Iran sends warships to Atlantic, seeks investment in anticipation of easing sanctions

The Islamic Republic of Iran has moved part of its navy to the Atlantic Ocean, the stated goal of which is to pass by the coastline of the United States, in what many see as an aggressive tactic. The admiral in charge of the expedition has publically stated that the move should be interpreted as a “message” to the United States. When coupled with the apparent détente between the two countries on a potential nuclear deal, this may suggest that attitudes towards a potential rapprochement may not be uniformly positive within the government and military.

While its foreign policy with the West remains schizophrenic, Tehran has been ardently pursuing new trade relationships with potentially lucrative partners in Central Asia. This charm offensive could be considered a commitment to keeping its end of a potential nuclear deal, scaling down tensions. Iran has even announced interest in allowing US energy corporations to develop is energy infrastructure, focusing on developing new oil contracts which will hopefully allow for $5 billion to be invested in the country’s decaying economy. Trade with countries such as Kazakhstan have hit an all-time high, and Tehran has also been seen courting the Tajik government as well.

Last September, when Hassan Rouhani attended the 2013 meeting of the Shanghai Cooperation Organization, it announced its intentions to court investment and trade relationships with its Eastern neighbors and has been party to several international legal disputes over mineral, energy, and territorial claims in the Caspian Sea, one of the largest sources of undeveloped wealth in the world.

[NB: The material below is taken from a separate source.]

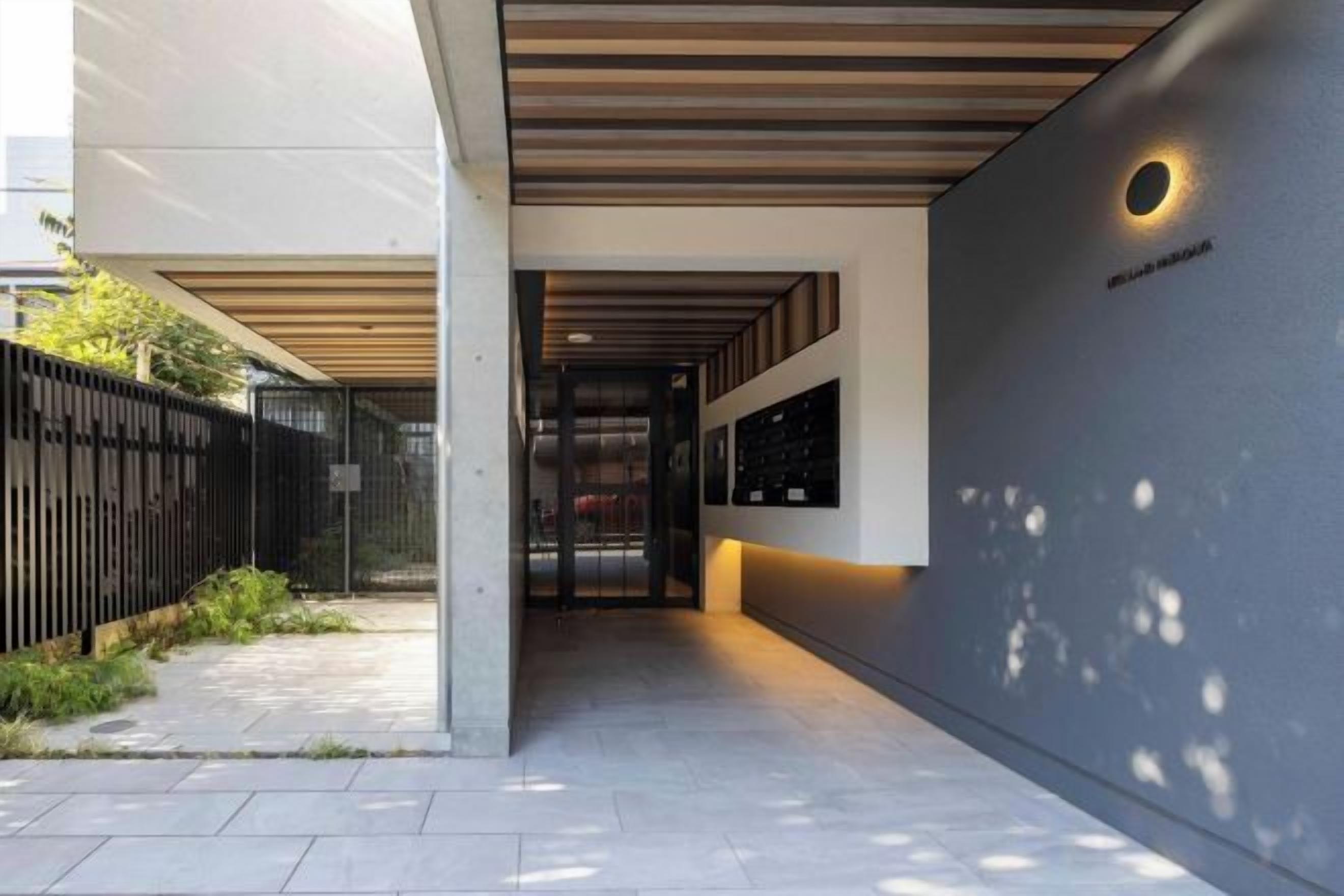 A corridor with a modern design, featuring a concrete floor and a metal fence on one side.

  • President of Kazakhstan Nursultan Nazabayev wants his country to be renamed, apparently to avoid the stigma of the –stan suffix. Nazabayev believes that associations with the poorer “stans” such as Kyrgyzstan and Tajikistan is preventing tourism and further foreign investment. The suggested names include “Kazakh Eli” or “Land of the Kazakhs.” Nazabayev is envious of Mongolia, whose name does not end in –stan and is so far attracting quite a bit of foreign business attention.
  • A UN report on the civilian deaths in Afghanistan found that casualties have risen 14% in 2013, a figure that does not bode well for the year that coalition forces have agreed to withdraw. Taliban-led insurgents were responsible for 74% of the casualties and most injuries and deaths were the result of homemade bombs and suicide attacks. As the Afghan National Security Force has begun to take up more responsibility, civilian “crossfire” casualties have surged 43% in one year alone.
  • The Kyrgyz Parliament, after a month of debate, has agreed to make the Kumtor gold mine, the second largest gold-producing mine in the world, a joint 50-50 venture with Canadian mining company Centerra. Coming after the Parliament voting the United States out of its $63 million dollar a year lease of the Manas Air Base, this represents one of the only sources of revenue for the Kyrgyz government, who has also considered joining the Customs Union in exchange for $200 million in additional aid, suggesting an ongoing need for outside support of its incipient government after the revolution of 2010.
  • Kazakhstan and Russia have announced an agreement on the use of the Baikonur Cosmodrome, the largest space launch facility in the world, located on the arid steppe of Kazakhstan’s central plain. Formerly the launch site of all Soviet space missions, it has seen increased use since the US space shuttle program went offline in 2011. The dispute centered on the crash of a Russian-designed Proton rocket, which cost the Kazakh government $89 million to repair. The terms of the lease to the Russian government allow it total control over the Baikonur area, meaning that Kazakhs living there are not protected by their country’s laws. However, after a year of tense negotiation – Russia has finally allowed government services to set up in the town.
  • The opening to the Sochi Olympics took off better than expected, at least by the denizens of Twitter, who have been busy posting photos of the embarrassing press accommodations in #sochiproblems. However, as this was one of the first years that Tajikistan has sent athletes to the Olympics, its greeting on Twitter proved to be less than accommodating, with many high-traffic tweeters posting things like, “Tajikistan why do they even exist [sic]” and “Now they’re just making up countries. Tajikistan??” These incidents, combined with a Russian announcer mixing up Uzbekistan and Tajikistan during the opening ceremony, led to an altogether lackluster start for the Central Asian countries in the Olympics.